Стало светать, и стали выползать люди. Пошел дождь, люди стали расползаться, и стало капать. "Ложись сюда, здесь не капает". - "Нет, здесь, кажется, капает, а вот здесь, кажется, не капает". - "Ну что, не капает?" "Пока не капает". - "Зато смотри, как красиво, кругом капает, а здесь не капает". - "А вот сейчас закапало". - "И у меня закапало". - "Что, красиво, когда капает?" - "Только бы здесь не капало". - "С самого начала нужно было сюда лечь, здесь и не должно было капать". - "Но ведь капает". - "Разве капает?" - "Мне на голову только что капнуло". - "Значит, везде капает". - "А ты поэт?" - "Поэт". - "И отец у тебя поэт?" - "Поэт". - "Поэт-отец, поэт-сын, поэт-святой дух".
Ирра делала вид, что не любит Додостоевского, Додостоевский делал вид, что не любит Ирру, Ирра делала вид, что любит Тоестьлстого, Тоестьлстой делал вид, что ему плохо, Ирра делала вид, что ей хорошо, Додостоевский делал вид, что ему плохо, даже когда ему было хорошо, и дальше открывался вид, который не менялся независимо от того, было вокруг хорошо или было вокруг плохо. На этот вид нельзя было ничем подействовать, потому что он был неодушевленным. Додостоевский был одушевленным и менял свой вид, Ирра была одушевленной и меняла свой вид. Открывался вид на одушевленные и неодушевленные предметы: на неодушевленные дома и неодушевленные деревья, на неодушевленное небо и солнце. Неодушевленные предметы старались прикинуться одушевленными: ветка - птицей, камень - зверьком. Одушевленные предметы старались прикинуться неодушевленными: Додостоевский был дома, но делал вид, что его нет дома. В дверь звонил Тоестьлстой, если ему откроют, а если не откроют, то это не он звонил в дверь. "Это он, - сказала Ирра, - больше некому". - "У него есть ключи?" - спросил Додостоевский. "Нет, они у меня". - "Не будем открывать, сказал Додостоевский. - Он сразу догадается. А завтра я ему скажу, что уходил, а ты скажешь, что была у матери". - "А он скажет, что не приезжал и сразу догадается". - "Тогда мы ему первые ничего не скажем, пока он первый что-нибудь не скажет. Оденься на всякий случай". Она оделась. "Тихо ты, там же слышно". - "Что ж мне теперь, летать?" - "В конце концов, ты прячешься или я прячусь?" Она сказала, что это еще неизвестно, кто обманутый муж, что может быть не Тоестьлстой обманутый муж, а Додостоевский, потому что она считает Додостоевского своим мужем, а Тоестьлстого нет.
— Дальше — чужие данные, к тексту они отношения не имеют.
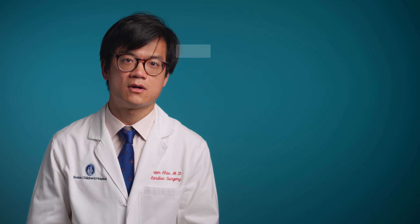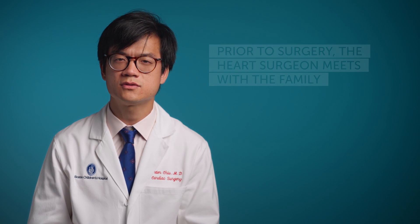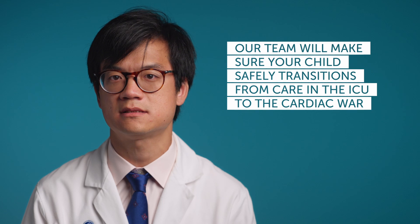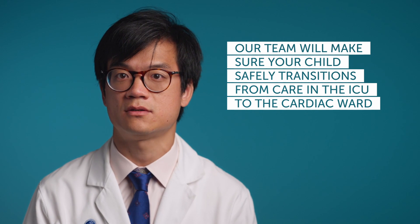Prior to surgery, the heart surgeon meets with the family to discuss the risks, benefits, and alternatives to surgery. The goal is to form a therapeutic relationship such that we can undertake this endeavor together. After the operation, the surgeon along with the cardiologist and the intensivist will care for the patient as the child recovers and transitions from the intensive care unit to the ward. The team will work with the family to ensure an adequate understanding of what is and is not normal for a baby after the specific kind of operation.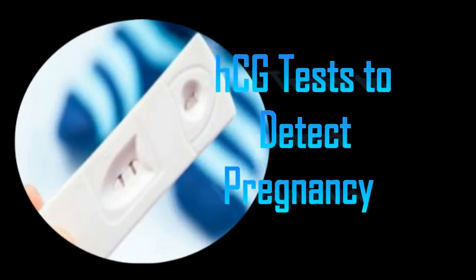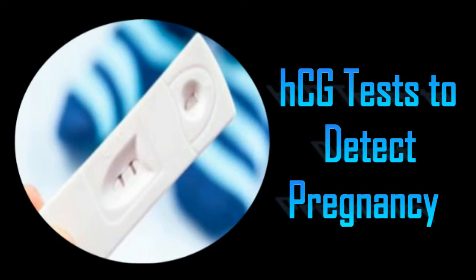Most home pregnancy test kits are designed to check the presence of HCG hormone in urine. A missed period has always been considered the earliest sign of pregnancy, but this may not be a reliable symptom to confirm pregnancy. Hence, most women resort to home pregnancy tests before going to a gynaecologist. Compared to earlier times, when women used to collect urine samples and approach authorized doctors, the modern-day home pregnancy tests are far more advanced and convenient.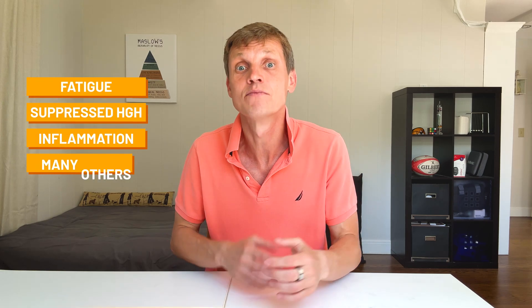Third, individual response matters. These were my numbers — yours might look different, but I hope my data gives you a helpful reference. My A1c is 5.3%, so I'm not diabetic, not even pre-diabetic. But blood sugar spikes like this still mean my body isn't handling glucose as well as it could. It usually takes years for spikes like this to turn into pre-diabetes, but they can still cause issues now — like fatigue, suppressed HGH, and more inflammation. That's why I try to minimize them when I can.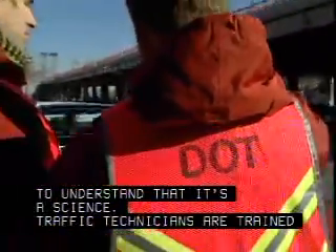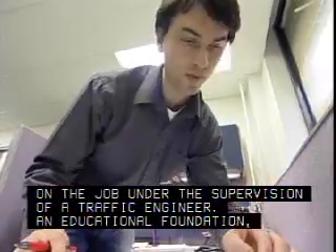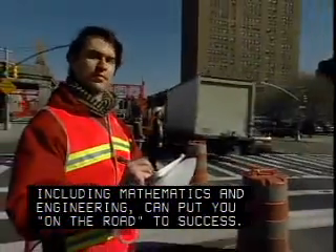Traffic technicians are trained on the job under the supervision of a traffic engineer. An educational foundation, including mathematics and engineering, can put you on the road to success.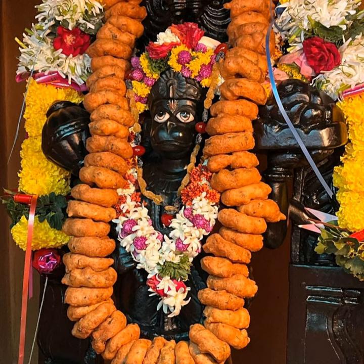Sometimes we see that Lord Hanuman is given a Vada Mala. Vada is a very famous South Indian item made from black gram, urad dal. And sometimes we see that the deity of Hanuman is given a garland of betel leaves — paan leaves. In many places, Hanuman is actually covered in orange colour, sindur.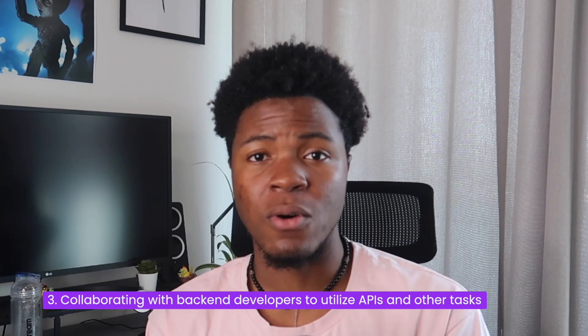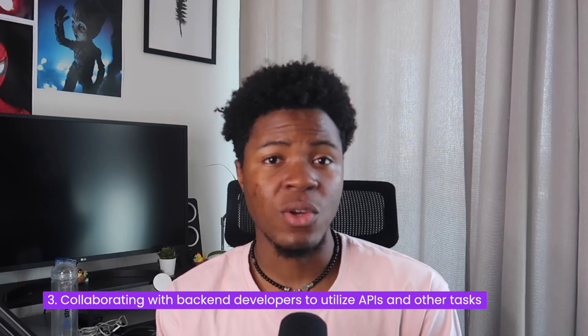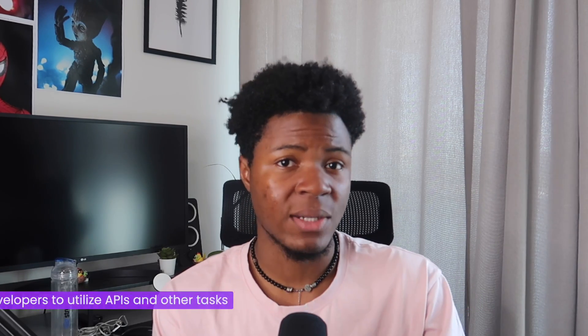The third item is that front-end developers would also be responsible for collaborating with back-end developers and utilizing APIs. Utilizing APIs can be for different reasons — making API requests to add, modify, or delete data, or for managing authentication and client-server communication. Front-end developers communicate with back-end developers to ensure a smooth exchange of information between the browser and the server.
- Да, неизвестно, - сказал Додостоевский. - Но уже известно, что я умру раньше Тоестьлстого, а он умрет раньше тебя, хотя бы потому, что я родился раньше его, а он раньше тебя.
- Значит, все остальное неизвестно, а это уже сейчас известно?
- Пойди на всякий случай в кухню и посиди там.
- Зачем, если я все равно у матери.
Ирра спросила, жалко ли ему ее, Додостоевский ответил, что жалко. Она спросила, жалко ли ему было убивать ежа, он ответил, что жалко. Она спросила, когда было больше всего жалко, он сказал, что утром, когда увидел, что ежик спит в сетке, в которую он посадил его с вечера, чтобы тот не убежал. Она спросила, убил ли он его сонного, он ответил, что нет, что еж проснулся, как только он взял сетку. Она показала на тропинку, ведущую к балкону, откуда была видна красота, и он тоже увидел ежа. У того был переполнен мочевой пузырь и желудок, и когда он его взял, тот стал ругаться, и стал похож на шпану. Еж съел у них икру не потому, что ему нечего было есть, они съели ежа не потому, что им нечего было есть.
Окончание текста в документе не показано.